From: Tvrtko Ursulin <tvrtko.ursulin@intel.com>

In two codepaths internal to the shrinker we know we will end up taking
the resursive mutex path.

It instead feels more elegant to avoid this altogether and not call
mutex_trylock_recursive in those cases.

We achieve this by extracting the shrinking part to __i915_gem_shrink,
wrapped by struct mutex taking i915_gem_shrink.

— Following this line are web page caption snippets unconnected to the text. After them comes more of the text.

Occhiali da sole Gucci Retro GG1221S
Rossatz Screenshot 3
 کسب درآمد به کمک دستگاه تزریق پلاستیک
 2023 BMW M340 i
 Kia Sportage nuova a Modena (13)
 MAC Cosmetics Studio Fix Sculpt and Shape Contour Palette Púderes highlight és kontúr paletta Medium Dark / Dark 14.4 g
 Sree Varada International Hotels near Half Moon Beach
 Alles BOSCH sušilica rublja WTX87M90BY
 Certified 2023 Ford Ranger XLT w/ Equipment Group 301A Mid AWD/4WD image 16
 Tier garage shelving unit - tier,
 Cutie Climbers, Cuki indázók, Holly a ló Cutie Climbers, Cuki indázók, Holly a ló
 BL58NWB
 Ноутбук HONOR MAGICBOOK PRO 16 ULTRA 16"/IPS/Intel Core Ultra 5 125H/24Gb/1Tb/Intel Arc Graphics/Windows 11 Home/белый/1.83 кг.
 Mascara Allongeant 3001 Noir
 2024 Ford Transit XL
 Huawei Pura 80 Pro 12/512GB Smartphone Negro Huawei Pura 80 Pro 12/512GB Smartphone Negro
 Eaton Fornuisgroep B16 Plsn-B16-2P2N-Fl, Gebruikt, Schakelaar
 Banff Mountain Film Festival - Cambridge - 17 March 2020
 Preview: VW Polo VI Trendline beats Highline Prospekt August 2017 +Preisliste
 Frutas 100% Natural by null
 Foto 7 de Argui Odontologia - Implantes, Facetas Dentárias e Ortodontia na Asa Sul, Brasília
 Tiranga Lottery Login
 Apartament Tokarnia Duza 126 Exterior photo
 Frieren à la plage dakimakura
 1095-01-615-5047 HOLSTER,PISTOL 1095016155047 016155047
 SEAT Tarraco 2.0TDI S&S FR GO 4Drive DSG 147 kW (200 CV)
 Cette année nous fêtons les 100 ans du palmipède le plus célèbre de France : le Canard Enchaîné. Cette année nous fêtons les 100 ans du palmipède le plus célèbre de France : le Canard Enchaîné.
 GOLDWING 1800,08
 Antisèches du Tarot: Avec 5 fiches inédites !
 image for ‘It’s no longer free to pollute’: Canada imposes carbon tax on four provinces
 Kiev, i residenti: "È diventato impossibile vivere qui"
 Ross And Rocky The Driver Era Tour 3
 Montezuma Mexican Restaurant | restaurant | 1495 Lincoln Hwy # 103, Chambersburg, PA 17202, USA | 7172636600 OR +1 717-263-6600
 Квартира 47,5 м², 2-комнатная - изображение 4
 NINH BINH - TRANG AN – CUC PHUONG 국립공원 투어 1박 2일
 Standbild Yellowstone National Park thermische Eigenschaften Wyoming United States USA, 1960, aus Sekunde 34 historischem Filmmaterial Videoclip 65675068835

At the same time move the runtime pm reference taking to always be in the
usual, before struct mutex, order.

v2:
 * Don't use flags but split i915_gem_shrink into locked and unlocked.

v3:
 * Whitespace and checkpatch reported errors.

v4:
 * Rebase.

Signed-off-by: Tvrtko Ursulin <tvrtko.ursulin@intel.com>
---
 drivers/gpu/drm/i915/i915_drv.h          |   2 +-
 drivers/gpu/drm/i915/i915_gem_shrinker.c | 152 +++++++++++++----------
 2 files changed, 84 insertions(+), 70 deletions(-)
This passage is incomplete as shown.